DR Failover and Recovery in a 2 Node Cluster


A 2 node cluster will not fail over automatically.

With only two Unified nodes, with or without Web proxies, there is no High Availability. The database on the primary node is read/write, while the database on the secondary is read only.

Only redundancy is available.

  • If the primary node fails, a manual delete of the primary node on the secondary and a cluster provision will be needed.

  • If the secondary node fails, it needs to be replaced.

Scenario: Loss of Primary Node

  • The administrator deployed the 2-node cluster.

    $ cluster status
    Data Centre: jhb
                 application : AS01[]
                 webproxy :    AS01[]
                 database :    AS01[]

    Example database weights:

    $ database weight list
             weight: 20
             weight: 10
  • Node Failure: in the case where the primary node is lost on the Primary site:

    $ cluster status
    Data Centre: unknown
                 application : unknown_172.29.248.100[] (not responding)
                 webproxy : unknown_172.29.248.100[] (not responding)
                 database : unknown_172.29.248.100[] (not responding)
    Data Centre: jhb
                 application : AS02[]
                 webproxy : AS02[]
                 database : AS02[]

Recovery Steps

The primary node server is lost.

  1. It is decided to fail over to the secondary node:

    1. On the secondary node, remove the lost server from the cluster:

      cluster del

    2. On the secondary node, run cluster provision (it is recommended that this step is run in a terminal opened with the screen command). See: Using the screen command.

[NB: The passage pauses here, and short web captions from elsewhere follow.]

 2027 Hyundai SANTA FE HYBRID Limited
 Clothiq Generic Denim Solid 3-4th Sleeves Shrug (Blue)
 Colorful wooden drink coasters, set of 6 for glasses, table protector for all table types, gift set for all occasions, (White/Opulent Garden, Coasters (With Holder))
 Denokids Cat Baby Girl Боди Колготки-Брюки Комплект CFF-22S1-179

      On the secondary node, check:

      $ cluster status
      Data Centre: jhb
                   application : AS02[]
                   webproxy : AS02[]
                   database : AS02[]
  2. It is decided to recover the primary node:

    1. On the secondary node, remove the lost server from the cluster:

      cluster del

    2. On the secondary node, run cluster provision (it is recommended that this step is run in a terminal opened with the screen command).

      On the secondary node, check:

      $ cluster status
      Data Centre: jhb
                   application : AS02[]
                   webproxy : AS02[]
                   database : AS02[]
    3. Switch on the newly installed server.

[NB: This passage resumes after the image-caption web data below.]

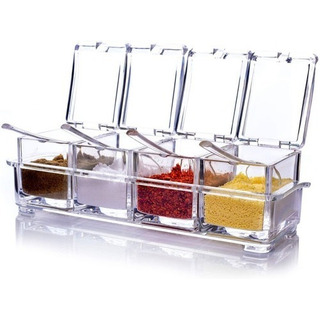Caja De Especias Con 4 Compartimentos Especiero Condimentos Caja De Especias Con 4 Compartimentos Especiero Condimentos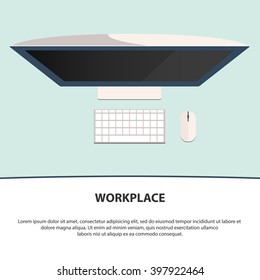 Flat Style Modern Design Concept of Creative Office Workspace. Workplace Design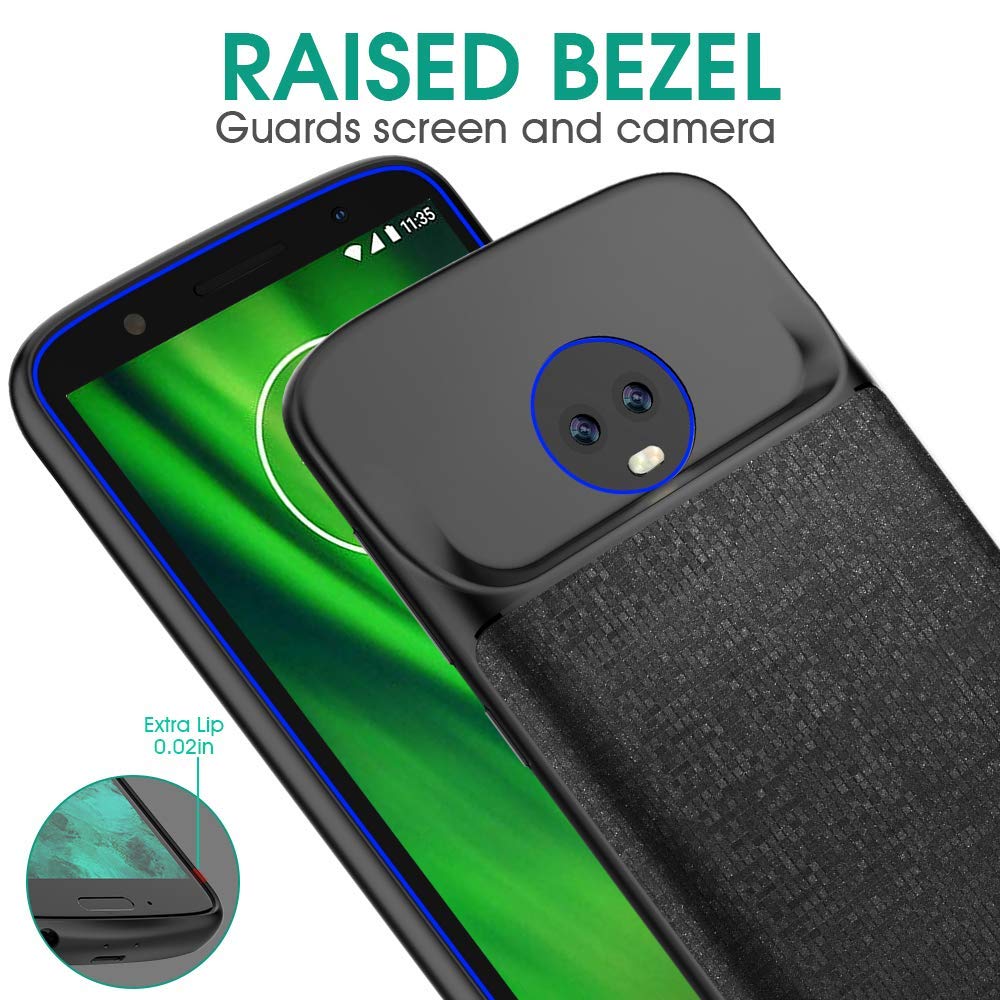 NEWDERY Portable Battery case for Moto G6 soft TPU Raised Bezels 4000mAh for Motorola G6 charger case black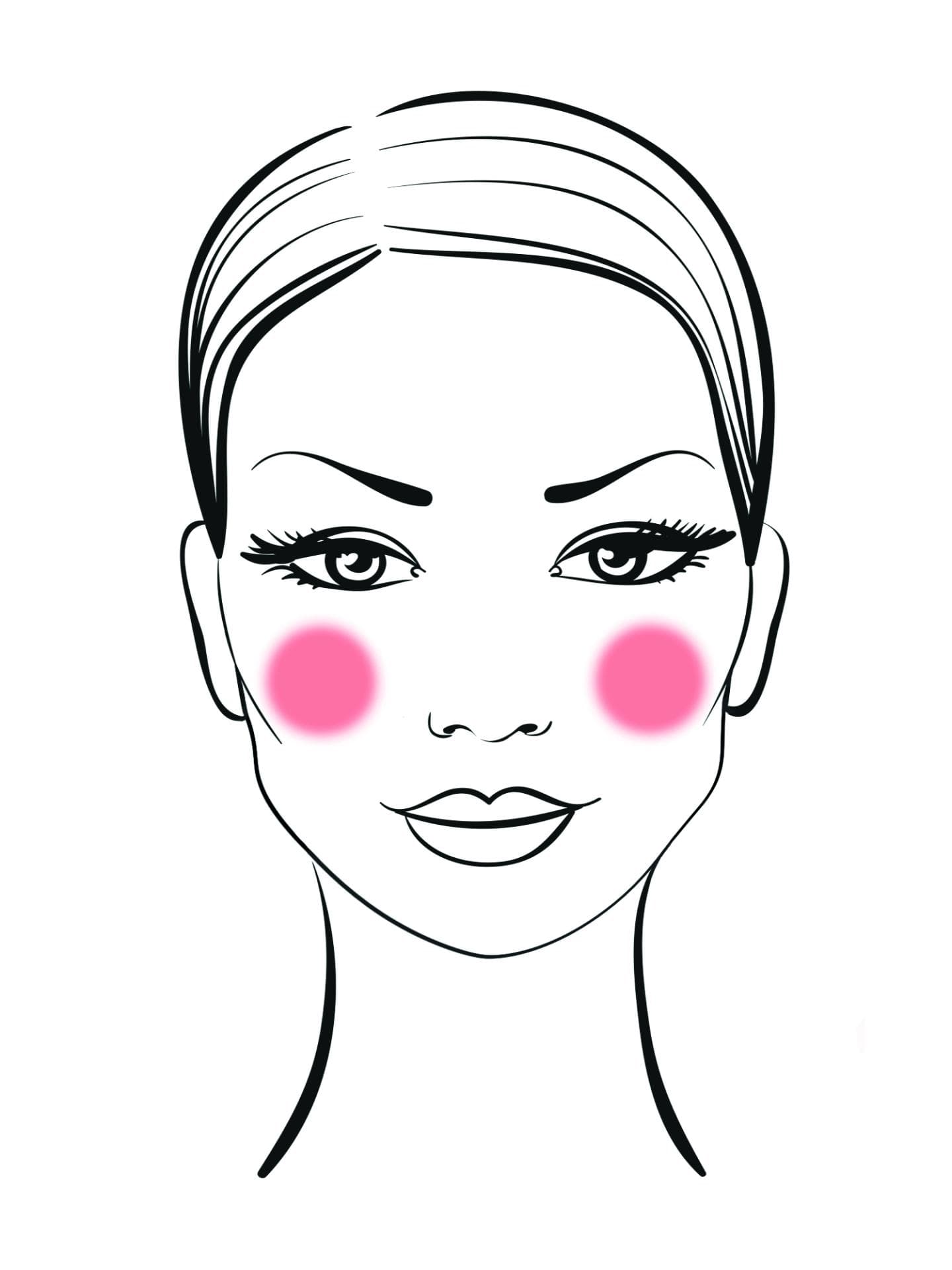 Bei einem quadratischen Gesicht ist die Kieferpartie recht ausgeprägt. Mit etwas Blush mittig auf den Wangenknochen betonen wir die Apfelbäckchen und setzen damit die Gesichtsmitte in Szene.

      On the secondary node, add the server. Run cluster add

      On either node, check:

      $ cluster status
      Data Centre: jhb
                   application : AS01[]
                   webproxy :    AS01[]
                   database :    AS01[]
    4. Configure the primary database. On the newly installed server, run cluster provision primary (it is recommended that this step is run in a terminal opened with the screen command).

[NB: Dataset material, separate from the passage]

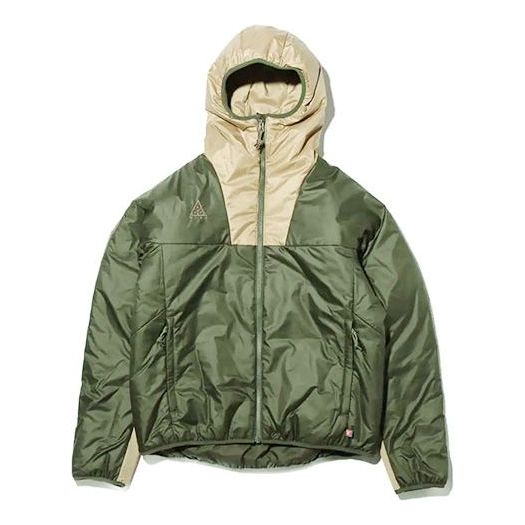 Men's Nike ACG Stay Warm Colorblock Half Zipper Storage Simple Hooded Padded Jacket Green CD7651-325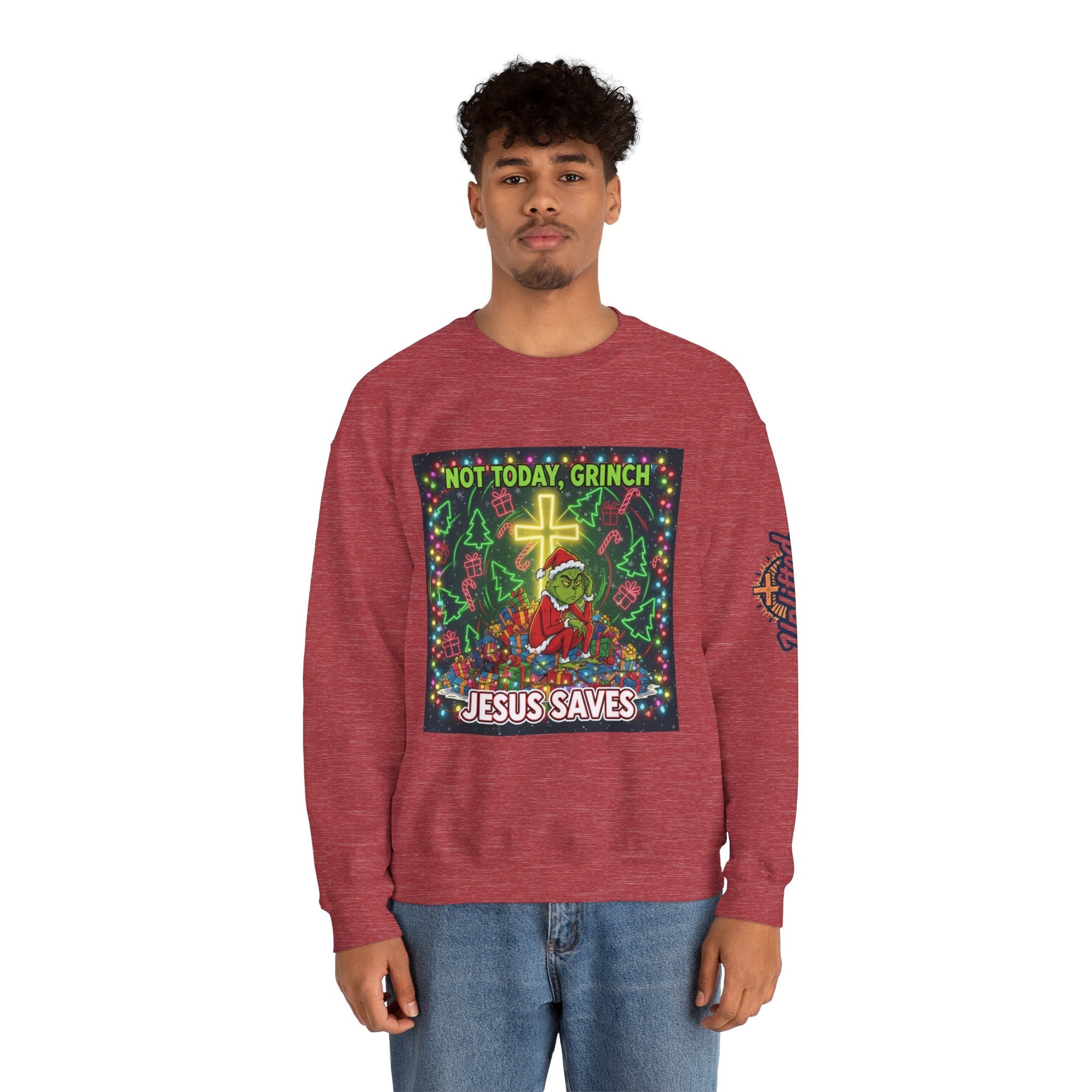 🎄 Not Today, Grinch – Jesus Saves | Funny Christian Christmas Sweatshirt | Festive Green & Red Cartoon Style | Bold Faith Holiday Tee by Uplifted Gear Printify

      Check database configuration on both nodes, for example:

      $ database config
              $date: 1549450382862
          heartbeatIntervalMillis: 2000
                  priority: 20.0
                  stateStr: PRIMARY
                  storageEngine: WiredTiger
                  priority: 1.0
                  stateStr: ARBITER
                  storageEngine: Unknown
                  priority: 10.0
                  stateStr: SECONDARY
                  storageEngine: WiredTiger
          myState: 1
          ok: 1.0
          set: DEVICEAPI
          term: 8

Scenario: Loss of Secondary Node - Replace

  1. Remove the secondary node:

    cluster del <secondary node IP>
  2. Re-provision the cluster without the removed node:

    cluster provision
  3. Create a new secondary node: see Create a New VM Using the Platform-Install OVA

  4. On the newly added node, run:

    cluster prepnode
  5. From the primary unified node, run the command below - with the IP address of the new unified server to add it to the existing cluster.

    cluster add <secondary node IP>
  6. Re-provision the cluster:

    cluster provision primary <IP of current primary>